WORK TASK
Say, as a bare number, how many lines of the listing contain "Black".
•••••
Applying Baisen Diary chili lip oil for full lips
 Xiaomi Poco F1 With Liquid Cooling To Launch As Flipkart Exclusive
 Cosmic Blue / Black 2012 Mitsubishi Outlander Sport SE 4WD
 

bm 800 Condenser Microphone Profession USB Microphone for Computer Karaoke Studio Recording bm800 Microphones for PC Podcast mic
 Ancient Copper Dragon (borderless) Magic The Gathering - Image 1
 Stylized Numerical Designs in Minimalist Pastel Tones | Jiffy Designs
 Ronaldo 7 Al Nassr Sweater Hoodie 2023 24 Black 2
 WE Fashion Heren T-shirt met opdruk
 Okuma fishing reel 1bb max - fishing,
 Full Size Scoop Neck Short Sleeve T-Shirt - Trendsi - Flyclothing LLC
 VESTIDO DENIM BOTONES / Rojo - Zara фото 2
•••••
RESPONSE AREA
2